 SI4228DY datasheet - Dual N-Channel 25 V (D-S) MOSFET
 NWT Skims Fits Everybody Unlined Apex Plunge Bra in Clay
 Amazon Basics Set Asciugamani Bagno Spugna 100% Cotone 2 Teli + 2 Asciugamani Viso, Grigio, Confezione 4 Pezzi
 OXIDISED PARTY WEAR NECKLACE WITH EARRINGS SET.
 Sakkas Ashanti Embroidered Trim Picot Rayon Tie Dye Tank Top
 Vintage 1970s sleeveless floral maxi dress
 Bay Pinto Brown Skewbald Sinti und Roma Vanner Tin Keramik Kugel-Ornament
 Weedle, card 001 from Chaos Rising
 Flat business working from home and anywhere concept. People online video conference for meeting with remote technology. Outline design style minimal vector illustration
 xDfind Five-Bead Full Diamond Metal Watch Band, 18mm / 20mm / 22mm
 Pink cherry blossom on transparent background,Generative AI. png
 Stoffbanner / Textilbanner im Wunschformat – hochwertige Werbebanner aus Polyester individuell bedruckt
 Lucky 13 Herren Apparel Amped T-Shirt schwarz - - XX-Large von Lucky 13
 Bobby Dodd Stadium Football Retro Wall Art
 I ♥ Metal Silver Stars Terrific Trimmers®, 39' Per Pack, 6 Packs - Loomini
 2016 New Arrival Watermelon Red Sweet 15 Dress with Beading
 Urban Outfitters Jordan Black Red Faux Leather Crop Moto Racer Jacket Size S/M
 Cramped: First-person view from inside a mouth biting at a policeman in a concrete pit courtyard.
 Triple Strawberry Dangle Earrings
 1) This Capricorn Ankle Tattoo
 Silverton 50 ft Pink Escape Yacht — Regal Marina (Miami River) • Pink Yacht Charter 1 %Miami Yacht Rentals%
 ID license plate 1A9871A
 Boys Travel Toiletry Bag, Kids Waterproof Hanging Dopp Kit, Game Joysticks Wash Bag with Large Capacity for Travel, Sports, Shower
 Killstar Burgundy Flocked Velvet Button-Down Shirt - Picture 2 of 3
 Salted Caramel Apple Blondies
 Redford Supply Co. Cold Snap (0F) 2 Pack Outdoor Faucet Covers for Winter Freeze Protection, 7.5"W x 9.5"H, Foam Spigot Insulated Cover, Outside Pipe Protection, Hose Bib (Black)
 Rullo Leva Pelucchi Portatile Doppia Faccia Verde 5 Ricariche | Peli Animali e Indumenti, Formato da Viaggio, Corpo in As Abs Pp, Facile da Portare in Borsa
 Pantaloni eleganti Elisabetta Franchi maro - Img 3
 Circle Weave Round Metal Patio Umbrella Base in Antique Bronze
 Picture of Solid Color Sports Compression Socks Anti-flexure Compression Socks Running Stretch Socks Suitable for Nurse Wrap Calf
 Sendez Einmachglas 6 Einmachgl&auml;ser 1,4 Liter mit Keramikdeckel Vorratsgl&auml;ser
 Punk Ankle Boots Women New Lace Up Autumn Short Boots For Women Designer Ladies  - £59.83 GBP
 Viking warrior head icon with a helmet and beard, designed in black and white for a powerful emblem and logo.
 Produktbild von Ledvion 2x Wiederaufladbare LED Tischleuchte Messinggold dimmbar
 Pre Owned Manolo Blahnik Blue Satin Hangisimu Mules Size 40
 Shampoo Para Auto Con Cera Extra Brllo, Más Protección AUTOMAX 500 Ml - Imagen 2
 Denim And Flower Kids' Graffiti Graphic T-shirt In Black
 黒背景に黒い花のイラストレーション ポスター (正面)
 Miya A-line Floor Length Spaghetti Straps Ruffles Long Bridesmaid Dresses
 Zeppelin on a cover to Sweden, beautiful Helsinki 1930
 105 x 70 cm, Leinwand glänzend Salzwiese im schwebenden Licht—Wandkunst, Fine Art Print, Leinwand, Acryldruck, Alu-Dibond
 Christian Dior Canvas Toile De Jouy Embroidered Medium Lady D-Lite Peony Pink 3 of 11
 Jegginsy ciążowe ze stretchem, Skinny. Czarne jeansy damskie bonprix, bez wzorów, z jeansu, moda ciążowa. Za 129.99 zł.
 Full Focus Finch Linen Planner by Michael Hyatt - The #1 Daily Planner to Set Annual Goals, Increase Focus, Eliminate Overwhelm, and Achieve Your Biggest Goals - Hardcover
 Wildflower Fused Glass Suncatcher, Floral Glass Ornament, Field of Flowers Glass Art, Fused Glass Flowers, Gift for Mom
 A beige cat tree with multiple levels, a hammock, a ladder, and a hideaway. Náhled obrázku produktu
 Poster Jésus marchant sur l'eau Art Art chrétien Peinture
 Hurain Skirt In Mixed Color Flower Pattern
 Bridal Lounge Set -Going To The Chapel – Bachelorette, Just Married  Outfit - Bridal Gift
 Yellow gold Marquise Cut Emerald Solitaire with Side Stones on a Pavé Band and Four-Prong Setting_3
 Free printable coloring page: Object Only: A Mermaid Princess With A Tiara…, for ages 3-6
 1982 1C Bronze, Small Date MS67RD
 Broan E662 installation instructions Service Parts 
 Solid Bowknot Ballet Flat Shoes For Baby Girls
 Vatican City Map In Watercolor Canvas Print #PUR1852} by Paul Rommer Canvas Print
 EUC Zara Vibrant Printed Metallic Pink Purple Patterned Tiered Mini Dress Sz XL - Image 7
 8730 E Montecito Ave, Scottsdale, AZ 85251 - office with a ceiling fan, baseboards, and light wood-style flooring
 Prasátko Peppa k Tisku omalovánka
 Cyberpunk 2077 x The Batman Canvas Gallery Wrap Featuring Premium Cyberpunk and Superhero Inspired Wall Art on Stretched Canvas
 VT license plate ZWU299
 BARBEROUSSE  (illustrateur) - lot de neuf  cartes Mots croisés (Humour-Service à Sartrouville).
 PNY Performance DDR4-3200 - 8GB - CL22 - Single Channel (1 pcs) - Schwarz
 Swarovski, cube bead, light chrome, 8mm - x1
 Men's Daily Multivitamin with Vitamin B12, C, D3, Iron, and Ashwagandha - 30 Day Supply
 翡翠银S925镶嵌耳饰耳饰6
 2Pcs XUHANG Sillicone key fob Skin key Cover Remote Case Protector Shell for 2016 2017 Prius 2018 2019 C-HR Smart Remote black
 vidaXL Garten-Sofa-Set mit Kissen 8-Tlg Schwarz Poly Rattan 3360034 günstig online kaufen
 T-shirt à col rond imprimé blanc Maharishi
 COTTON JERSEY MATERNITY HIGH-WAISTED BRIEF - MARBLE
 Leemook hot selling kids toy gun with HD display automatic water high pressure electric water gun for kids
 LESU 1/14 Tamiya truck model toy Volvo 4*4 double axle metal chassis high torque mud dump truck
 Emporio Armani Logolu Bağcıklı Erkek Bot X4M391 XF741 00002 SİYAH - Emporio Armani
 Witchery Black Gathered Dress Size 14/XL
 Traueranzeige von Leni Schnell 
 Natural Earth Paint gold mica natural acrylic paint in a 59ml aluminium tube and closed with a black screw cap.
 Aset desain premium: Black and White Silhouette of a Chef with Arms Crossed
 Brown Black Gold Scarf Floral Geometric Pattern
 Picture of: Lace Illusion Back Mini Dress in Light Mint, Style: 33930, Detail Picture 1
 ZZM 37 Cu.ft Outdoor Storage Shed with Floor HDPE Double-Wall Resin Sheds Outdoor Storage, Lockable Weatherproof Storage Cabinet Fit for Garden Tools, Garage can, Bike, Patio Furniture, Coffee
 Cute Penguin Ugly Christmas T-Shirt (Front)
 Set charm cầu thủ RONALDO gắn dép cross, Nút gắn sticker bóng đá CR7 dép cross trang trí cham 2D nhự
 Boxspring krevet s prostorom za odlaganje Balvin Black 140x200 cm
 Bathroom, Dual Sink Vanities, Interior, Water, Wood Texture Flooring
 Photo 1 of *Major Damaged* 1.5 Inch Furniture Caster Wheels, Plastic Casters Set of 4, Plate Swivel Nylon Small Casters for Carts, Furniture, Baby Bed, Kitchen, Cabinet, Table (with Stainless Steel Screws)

Exercise prompt:
From the listing above, repeat exactly the lines starting at the line that includes "Poster Jésus marchant" and ending at the line that includes "1982 1C Bronze, Small Date MS67RD", with nothing outside that span.

Problem solution:
 Poster Jésus marchant sur l'eau Art Art chrétien Peinture
 Hurain Skirt In Mixed Color Flower Pattern
 Bridal Lounge Set -Going To The Chapel – Bachelorette, Just Married  Outfit - Bridal Gift
 Yellow gold Marquise Cut Emerald Solitaire with Side Stones on a Pavé Band and Four-Prong Setting_3
 Free printable coloring page: Object Only: A Mermaid Princess With A Tiara…, for ages 3-6
 1982 1C Bronze, Small Date MS67RD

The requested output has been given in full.